Los franceses desconfían
El Partido Comunista francés (PCF), alarmado por esta indiferencia general del país ante las actividades de los políticos, le explicó a los franceses lo que había ocurrido. A mediodía, el secretario general del partido, Georges Marcháis, en una entrevista ofrecida a la TV, con gran solemnidad, dijo: «Me elevo vigorosamente contra la campaña antiparlamentaria concebida y orquestada por el presidente de la República», que, según el líder comunista, manipuló a todos los órganos de prensa del país.La semana pasada, el semanario conservador Le Point hizo público un sondeo nacional sobre la cuestión: sólo el 21 % de los franceses estiman que «los partidos políticos sirven al interés público», mientras el 71% piensan que se puede jugar un papel en la vida social sin militar en un partido político. La clase política gala, aunque con fórmulas ambiguas, tiende a culpar a los franceses. Anteayer constituyó un espectáculo el grito desesperado de un diputado socialista en la Asamblea que, en medio de un concierto de incoherencias y tumultos, preguntó: «¿Qué hacemos aquí?». El problema . más -acuciante,en Francia quizá parece ser es común al mundo industrializado occidental: hace algunos meses, el Parlamento Europeo organizó un debate sobre la utilidad en las sociedades modernas de unos partidos políticos que, en Francia al menos, parecen ofuscados por dificultades que no sensibilizan a la opinión.

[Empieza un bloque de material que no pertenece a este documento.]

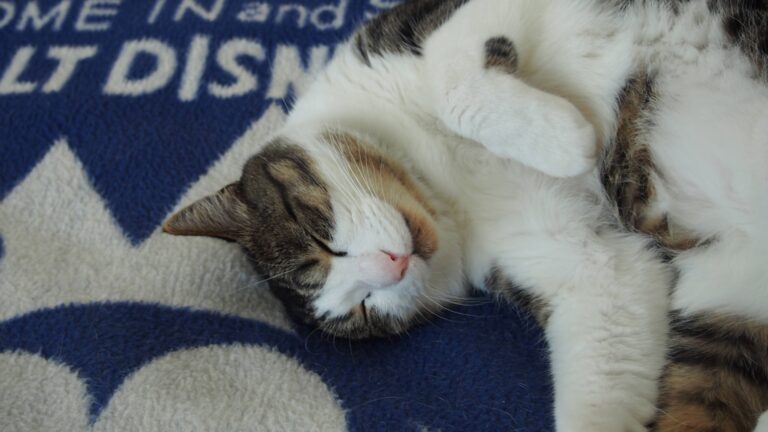 sleeping cat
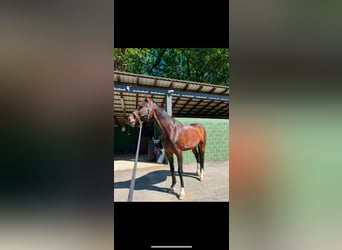 Zangersheider, Wallach, 15 Jahre, 172 cm, Dunkelbrauner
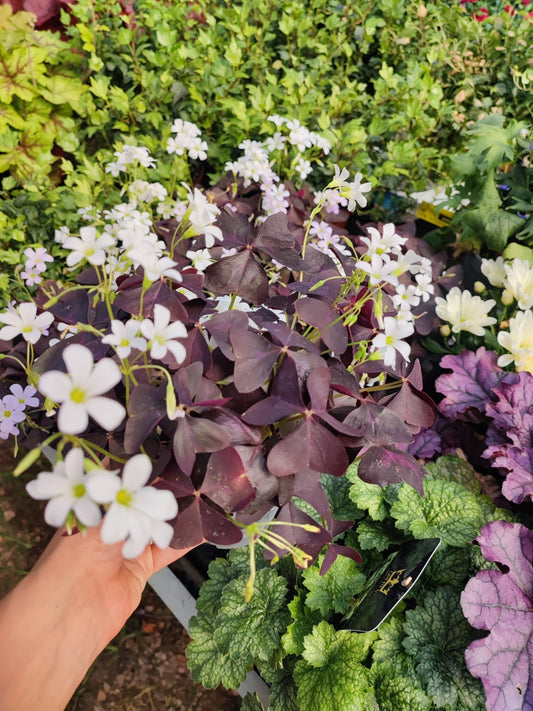Oxalis triangularis - ValmaflorValmaflorValmaflorOxalis triangularis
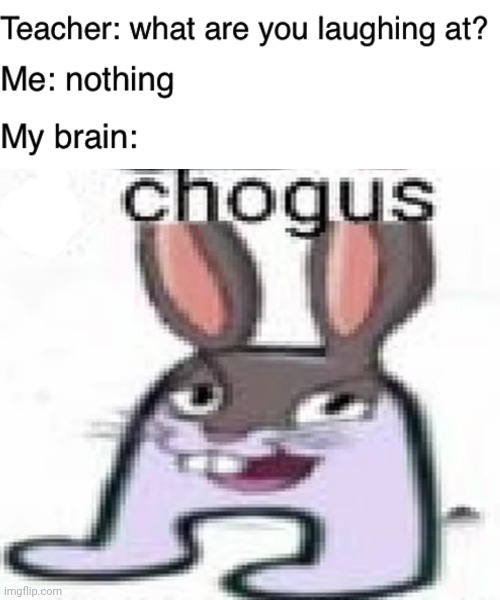 Chogus | image tagged in teacher what are you laughing at,big chungus,amogus,funny,memes | made w/ Imgflip meme maker
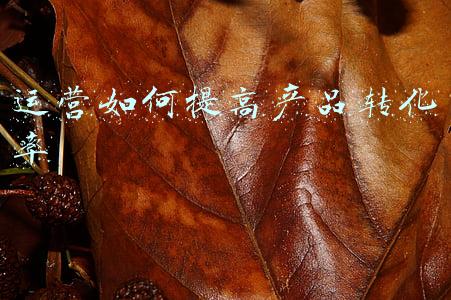 产品转化率计算公式(让产品转化率提高30%的增长实验，你get到了吗？)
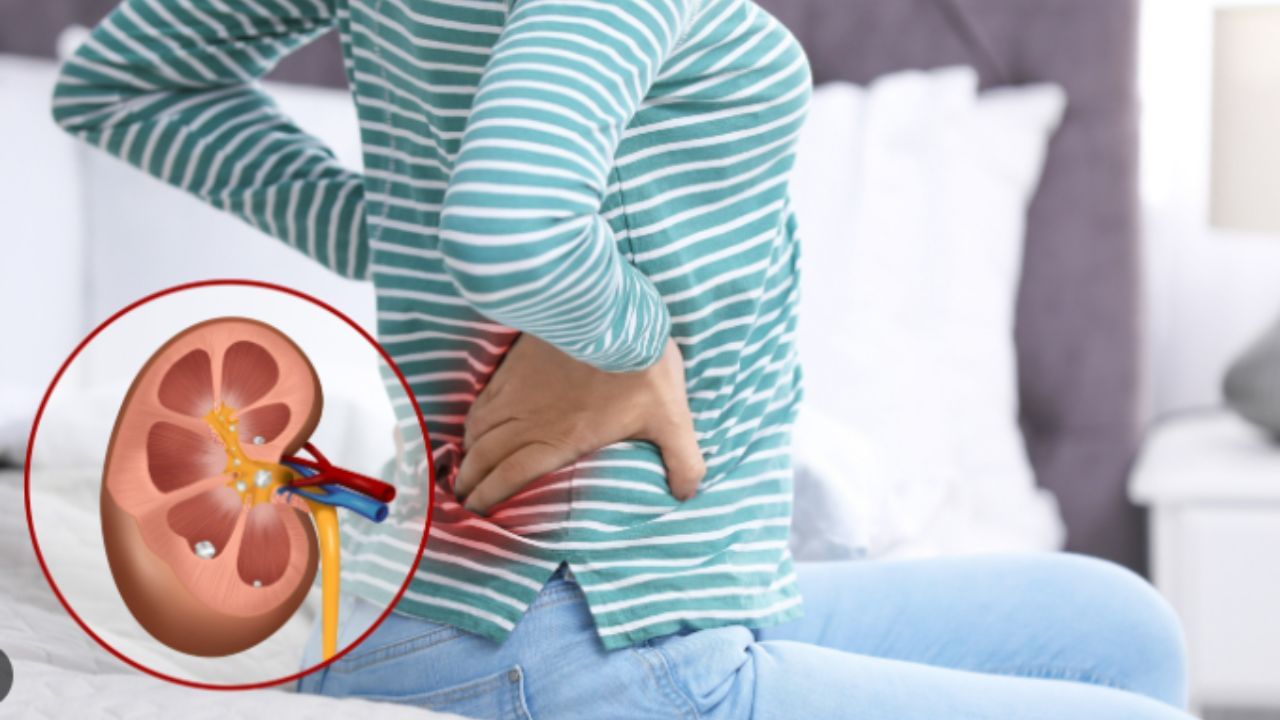 પથરી મટાડે :  પથરીના રોગ માટે કેસૂડાના ફુલના ફૂલ  ફાયદાકારક છે.  આ ફૂલને ઉકાળીને આ પાણી પીવાથી પથરી તૂટી જાય છે અને મૂત્ર માર્ગે નીકળી જાય છે.(ફોટો ક્રેડિટ- સોશિયલ મીડિયા)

A guisa de explicación, el citado semanario estimaba que «la clase política da vueltas en el vacío», y concluía: «De la derecha a la izquierda, pasando por el Gobierno, en todos los aspectos y en todos los momento, le practica por parte de los políticos la mentira y el doble lenguaje. La impotencia se esponde tras el desprecio y el oportunismo tras los pliegues de la bandera.» Esta impotencia de la clase política tradicional ha estallado espectacularmente justo un año después del fracaso, calificado de histórico, de la coalición de izquierdas en los comicios legislativas de marzo de 1978. Aquella derrota le benefició totalmente al presidente, Valéry Giscard d'Estaing, que, desde entonces, ejerce casi soberanamente los amplísimos poderes que le otorga la Constitución. Pero a lo largo de este año se ha reafirmado un nuevo elemento decisivo de la vida pública francesa: la agravación de la crisis económica, dramatizada más aún por unas perspectívas angustiosas. Ni la derecha, ni la izquierda, ni sus programas, ni sus ideas, tal como ha demostrado el «juego parlamentario» de los tres últimos días, parecen armados para encarar la sociedad de crisis que puso en marcha algo tan ariodino, a primera vista, como lo fue la subida del petróleo en 1973. Un senador independiente, Pierre Marcilhacy, en un artículo titulado «La verdad», publicado ayer en la primera página de Le Monde, a modo de remate del espectáculo parlamentario, acusaba al Gobierno y a toda la clase política de esa falta de «verdad a los franceses», que estaría en el origen de la degeneración del personal constitucionalmente representativo.